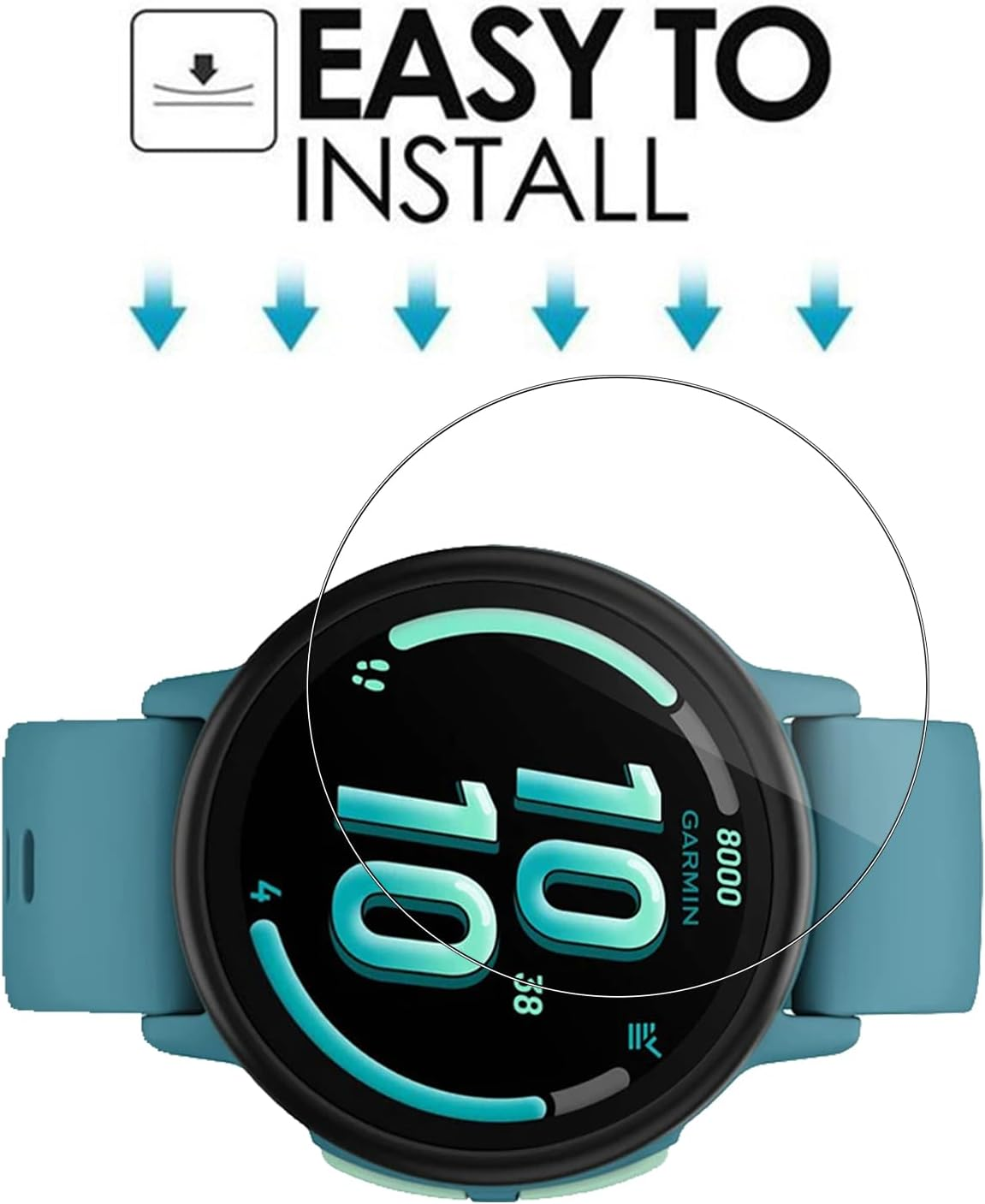 Electro-Weideworld Screen Protector for Garmin Bounce 2, 3 Pack Full Coverage Anti-Scratch HD Clear Flexible TPU Screen Film for Garmin Bounce 2, Self-Healing and Bubble Free image number 5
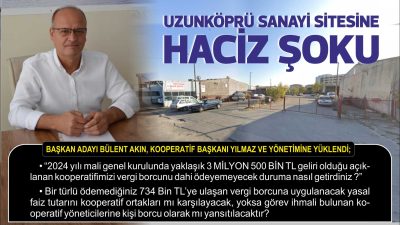 Başkan adayı Bülent Akın, kooperatif Başkanı Yılmaz ve yönetimine yüklendi;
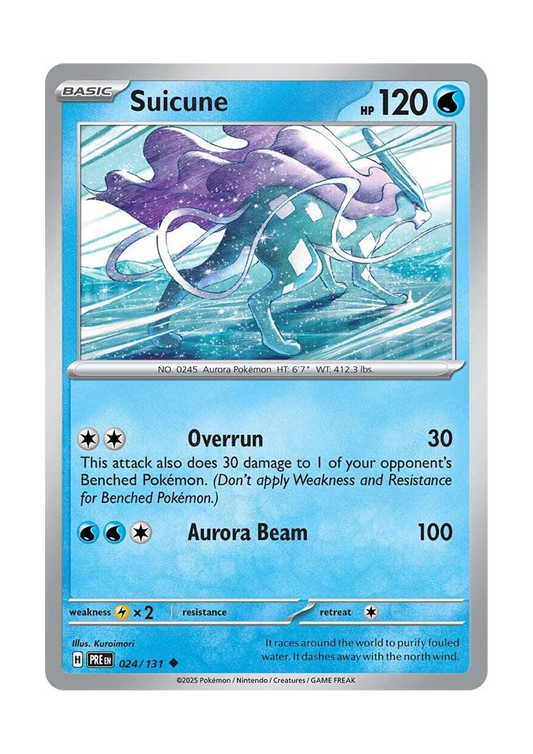 Suicune (024/131) SV: Prismatic Evolutions (PRE)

^^^^^^^^^^^^^^^^

> _Task requirements_: Give back the listing exactly, without a single picture.

> _Solution_:
 Electro-Weideworld Screen Protector for Garmin Bounce 2, 3 Pack Full Coverage Anti-Scratch HD Clear Flexible TPU Screen Film for Garmin Bounce 2, Self-Healing and Bubble Free image number 5
 Başkan adayı Bülent Akın, kooperatif Başkanı Yılmaz ve yönetimine yüklendi;
 Suicune (024/131) SV: Prismatic Evolutions (PRE)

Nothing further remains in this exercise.